**What you should do**
Print out each record below, unaltered and complete, without its images.

**Records for the exercise**
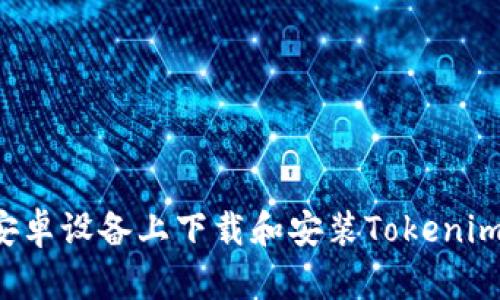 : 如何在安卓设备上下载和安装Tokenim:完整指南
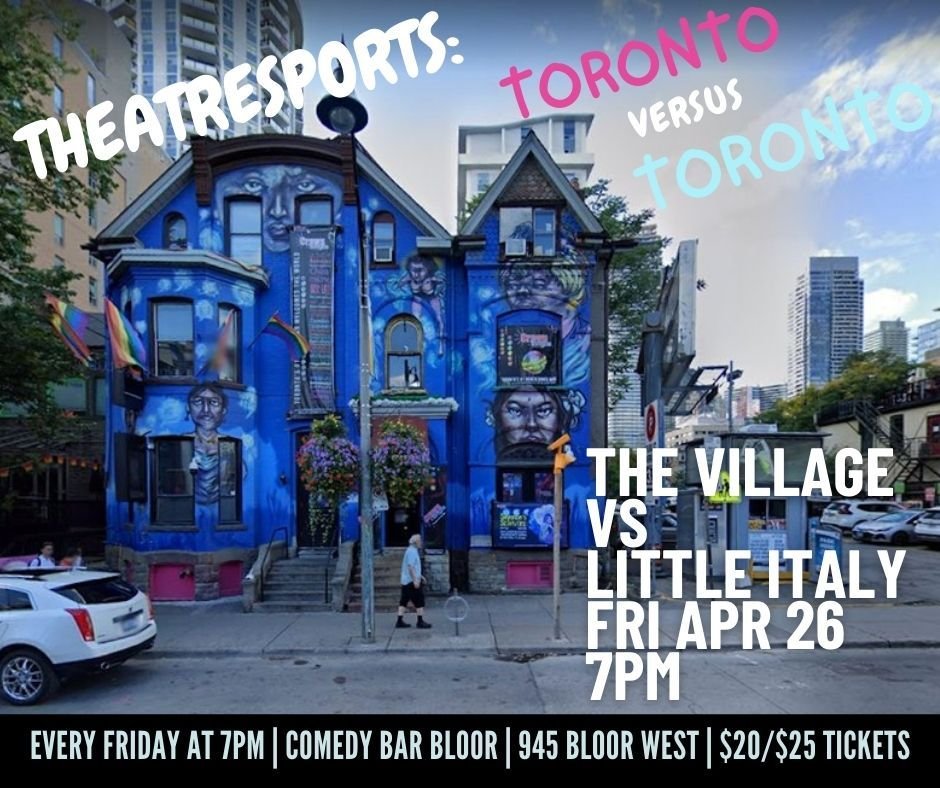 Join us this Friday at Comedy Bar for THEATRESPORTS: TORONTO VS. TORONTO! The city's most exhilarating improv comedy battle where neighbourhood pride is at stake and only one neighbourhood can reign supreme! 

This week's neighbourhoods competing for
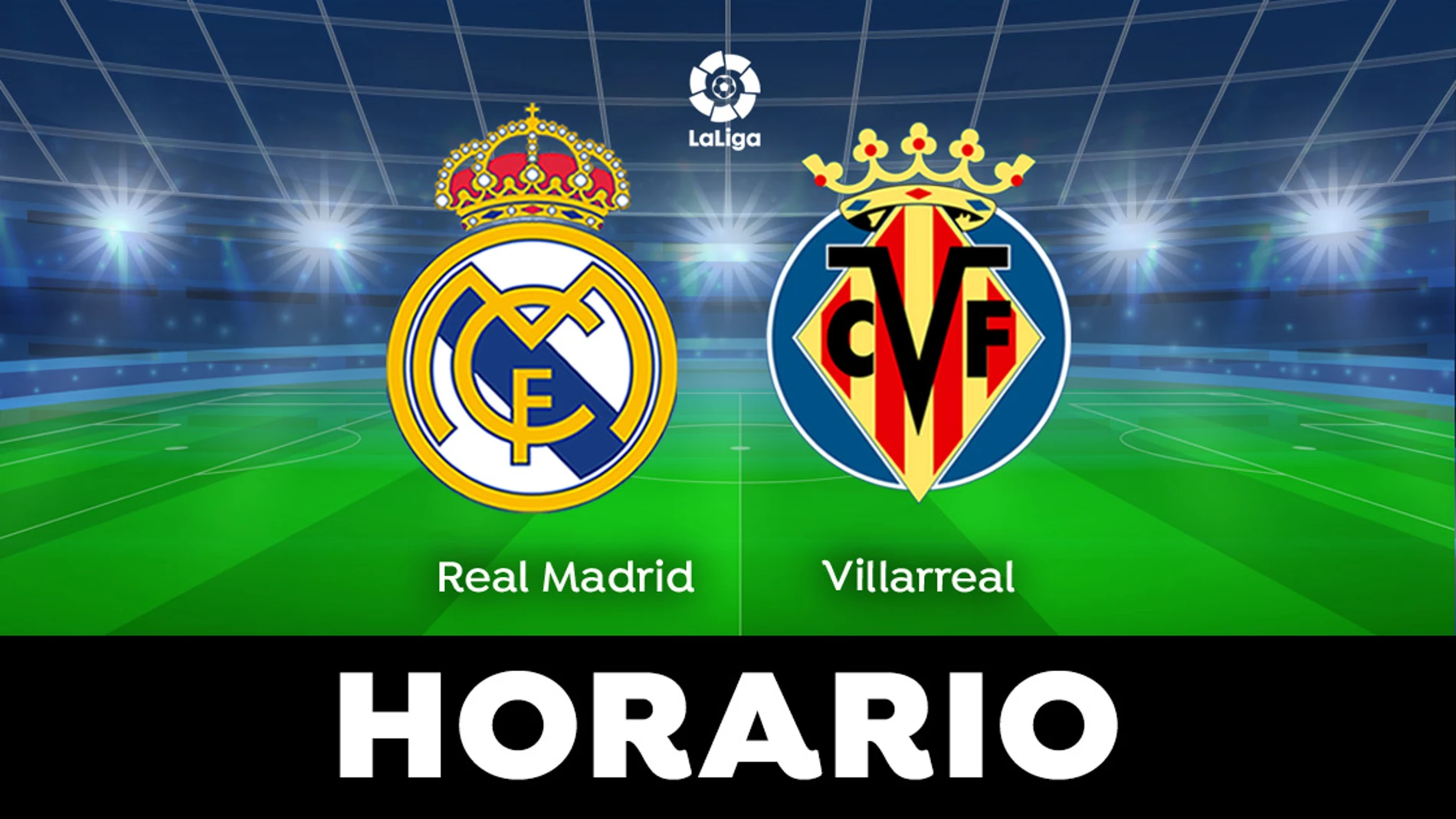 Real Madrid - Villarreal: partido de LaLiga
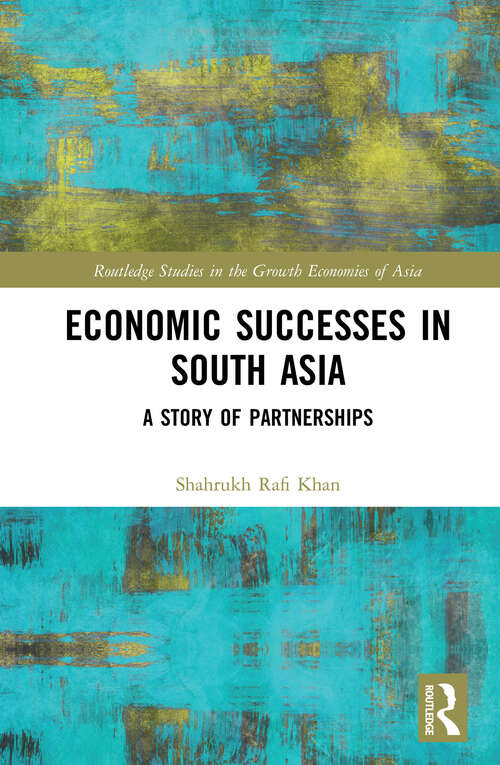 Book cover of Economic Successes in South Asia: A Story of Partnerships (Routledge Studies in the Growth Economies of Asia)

**Output**
 : 如何在安卓设备上下载和安装Tokenim:完整指南
 Join us this Friday at Comedy Bar for THEATRESPORTS: TORONTO VS. TORONTO! The city's most exhilarating improv comedy battle where neighbourhood pride is at stake and only one neighbourhood can reign supreme! 

This week's neighbourhoods competing for
 Real Madrid - Villarreal: partido de LaLiga
 Book cover of Economic Successes in South Asia: A Story of Partnerships (Routledge Studies in the Growth Economies of Asia)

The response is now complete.